- Folsom c. 1858

Personal details
- Born: William Henry Carman Folsom June 22, 1817 New Brunswick, Canada
- Died: December 17, 1900 (aged 83) Taylors Falls, Minnesota
- Spouse(s): Mary Jane Folsom, née Wyman
- Children: Wyman X. Folsom and Frank W. Folsom

= W.H.C. Folsom =

American politician (1817–1900)

William Henry Carman Folsom (June 22, 1817 – December 17, 1900) was a businessman and politician in Minnesota. Born in New Brunswick, Canada, he later emigrated to the United States and settled in Maine. He moved west to Minnesota in the 1840s and settled near Taylors Falls, Minnesota in 1850.

Folsom became involved in the lumber business in what would become the Minnesota Territory and began investing in businesses and real estate in Minnesota and Wisconsin. He was also an active historian and writer, publishing several articles and a book, Fifty Years in the Northwest, which was published by the St. Paul Pioneer Press Company in 1888.

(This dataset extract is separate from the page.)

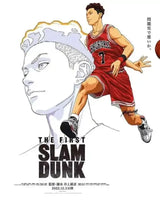 Basketball Player Lover Anime The First Slam Dunk Poster Aesthetics Canvas Painting Decoration Wall Art Mural Kawaii Room Decor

Folsom was also involved in state's early political development, attending the Republican constitutional convention in 1857 and serving four different terms in the Minnesota House of Representatives and Minnesota State Senate between 1857 and 1877. He was credited as helping organize the first district court in the state and was also part of the committee which developed the first official Seal of Minnesota in 1858.

Folsom died in 1900. His home in Taylors Falls, Folsom House, is maintained as a historic site by a local chapter of the Minnesota Historical Society. Another former property of his, W.H.C. Folsom House in Prairie du Chien, Wisconsin, is listed on the National Register of Historic Places.